On Saturday I'm taking part in a workshop with Tuulia Salmela. She will be teaching us her Tailored Sweater method. I am so looking forward to it as this will be my first formal lesson here in the US, in fact, it'll be my first formal lesson full stop. Aside from the generous instruction I received from my grandmother at age 8, I am entirely self-taught, so this will be a new adventure for me.

In preparation for the event, I started to look out the required materials yesterday. I could manage the tape measure, scissors and stitch markers, but the stitch holder request means I have to get my baby jacket, Mae, off the needles this week and, ah, needles........... Yup needles were an issue. US 7 is not something I commonly have laying around in my very cosmopolitan needle collection. You see, I own needles from several different countries which I can tell you, does not simplify life at all! My needle gauge is my best friend and without it I'd be totally stumped. I'm always trying to translate US or UK sizes into metric, then I get confused and finally end up forgetting whether I'm looking for US6 (4mm) or US4 (3.5mm). Sometimes it can really be a problem.

I wouldn't mind if this just happened with knitting needles, but as it extends to every area of my life, it's no wonder I'm disorganised. My home filing system has to manage both American letter-sized documents and European A4 sized ones, so my hanging files have to be legal sized to fit everything in. If I could find my scanner, I'd go completely digital and get rid of the paper altogether!

In an effort to order my circular needles last year, I received a beautiful silk holder as a present. I was ecstatic, until I tried to do just that. Each pocket is labelled with the US size, so I had to go through all my other needles writing the US sizing on the packet to slot them into the right places. By the time I'd finished there was so much packaging in the holder that I couldn't close the thing! So much for organization!

Anyway, I managed to knit this swatch out of Cascade Sierra Quatro with the only US7 that I had. I hit gauge perfectly, so I have invested in some new needles which are the correct length to complete our sample at the workshop. I'm really looking forward to some down time with friends this Saturday and afterwards I shall delight in slipping those needles into the correct pocket of my holder. At least one set will be organized.

Oh, here's yesterday's pictures of the Space Bag full of yarn and the kid's rescued handknits.


Almost American said...

My needle gauge is my best friend too - I have needles in traditional UK, European (mm) and American sizes. The European ones are my standard that I reference everything else to - the mm measurements make so much sense!

I bought a beautiful Namaste bag to organize my knitting needles - only to discover that the needles I bought in France don't really fit because they are about an inch longer than all my other needles. These are the needles I use the most, because that extra inch allows me to tuck the left hand needle under my arm and it stays stationary as I knit.

I'd actually like some more needles that length - but oddly enough even on French knitting sites I don't seem to be able to find any :-(

Rudee said...

Put a set of Knitpicks Option needles on your wish list.

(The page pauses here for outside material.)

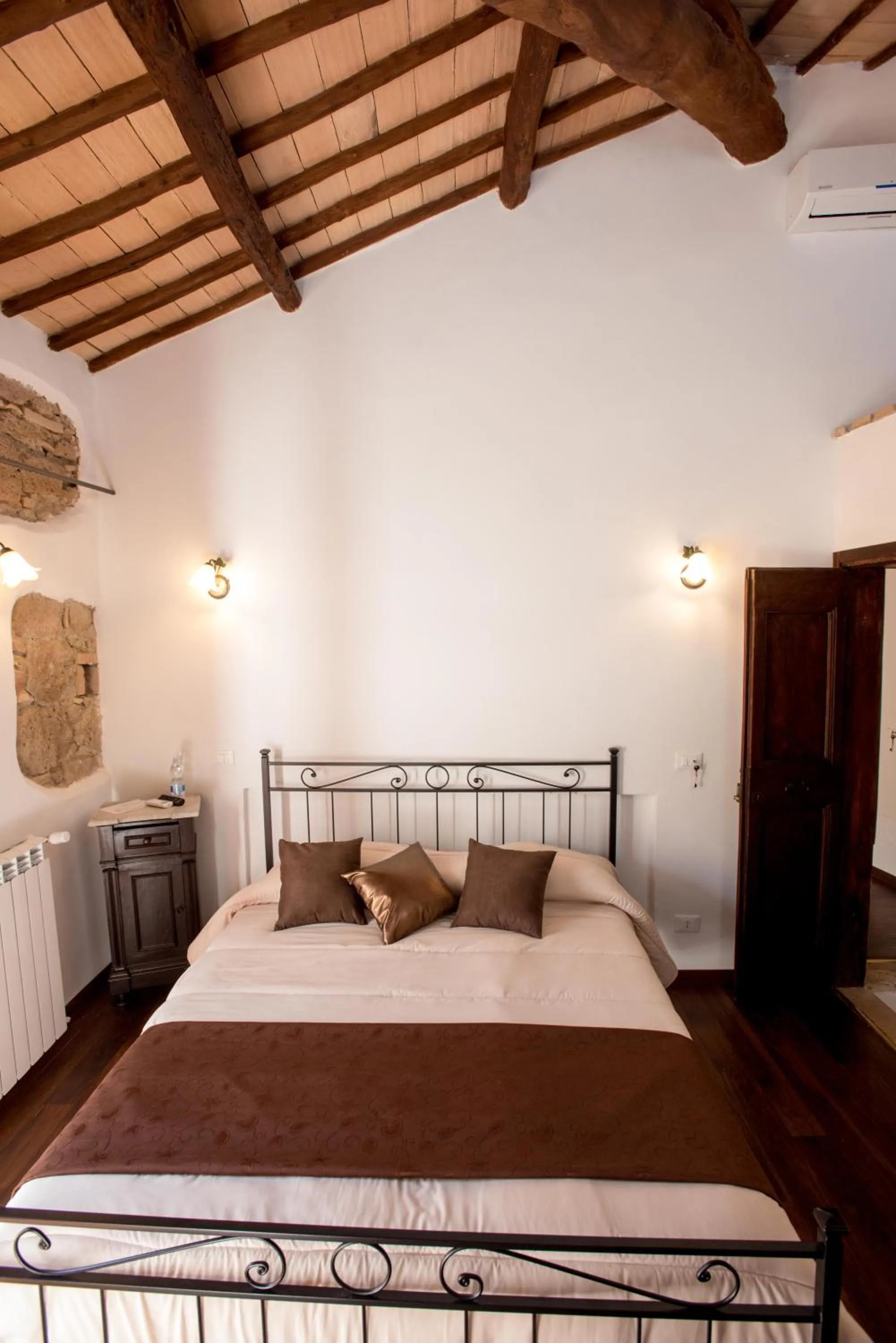 Bed in Luxury Relais Cuore Sabino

I love mine and use them all of the time. THey have pointy tips and are slick as a baby's behind.

Jane said...

AA - Thanks for popping in. I'm the same, I use European as a reference and wish all needles (and patterns) were labelled in mm's. That way I know mentally what I'm talking about. The fact that UK and US sizes are the exact opposites is very confusing. At least with mm you know instantly if you're dealing with something large or small.
Rudee - I love Knitpicks too. Great value for money!

Jane said...

Talking of Knitpicks - check out the Knitpicks Podcast, very interesting.

Connie said...

How was the class? I love Tuliia's designs :) I've taken a class too - with Kate Gilbert and it was such a thrill to meet her.